The equals method for class Object implements the most discriminating possible equivalence relation on objects; that is, for any non-null reference values x and y, this method returns true if and only if x and y refer to the same object (x == y has the value true).

Note that it is generally necessary to override the hashCode method whenever this method is overridden, so as to maintain the general contract for the hashCode method, which states that equal objects must have equal hash codes.

hashCode

Returns a hash code value for the object. This method is supported for the benefit of hashtables such as those provided by java.util.HashMap or java.util.HashSet.

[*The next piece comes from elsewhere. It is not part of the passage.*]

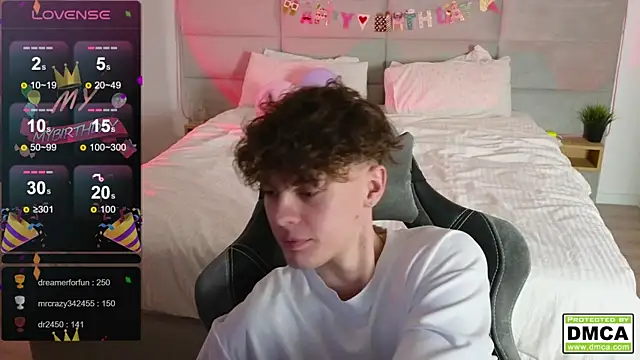 cute thomas online show from February 15, 9:59 pm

The general contract of hashCode is:

– Whenever it is invoked on the same object more than once during an execution of a Java application, the hashCode method must consistently return the same integer, provided no information used in equals comparisons on the object is modified. This integer need not remain consistent from one execution of an application to another execution of the same application.
– If two objects are equal according to the equals(Object) method, then calling the hashCode method on each of the two objects must produce the same integer result.
– It is not required that if two objects are unequal according to the equals(java.lang.Object) method, then calling the hashCode method on each of the two objects must produce distinct integer results. However, the programmer should be aware that producing distinct integer results for unequal objects may improve the performance of hashtables.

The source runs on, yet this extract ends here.